◆ What is required: Look through the records below for the line holding "Kiwi white blouse with rhinestone clusters". Write it out exactly, with each following line through the line holding "Olgun Alman Kadın Bir Otelde Sakso Çekiyor".

◆ Input data:
════

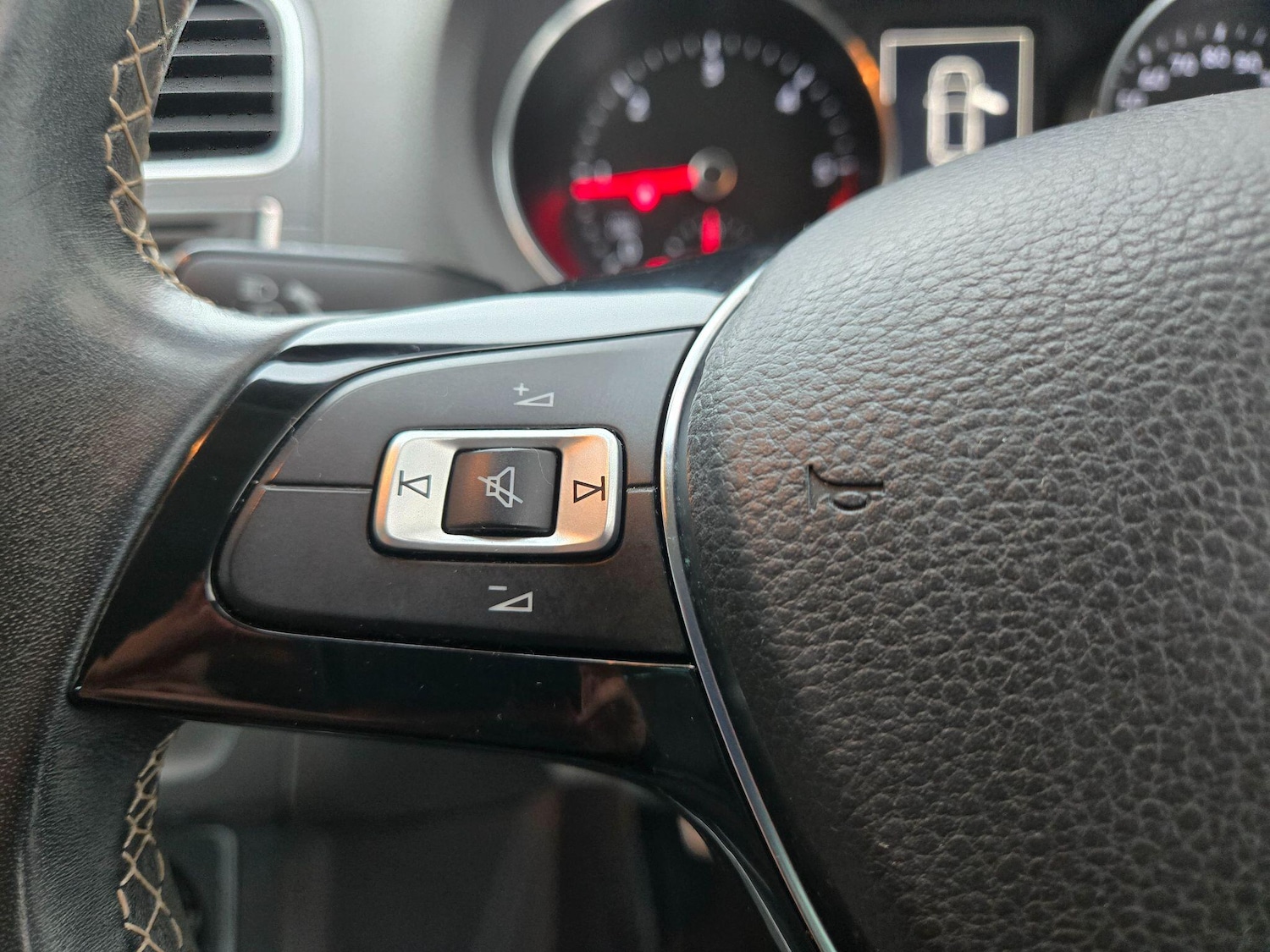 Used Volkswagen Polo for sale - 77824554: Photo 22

════

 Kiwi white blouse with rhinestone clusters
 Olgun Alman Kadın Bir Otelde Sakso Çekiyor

════

◆ Solution to the exercise:
 Kiwi white blouse with rhinestone clusters
 Olgun Alman Kadın Bir Otelde Sakso Çekiyor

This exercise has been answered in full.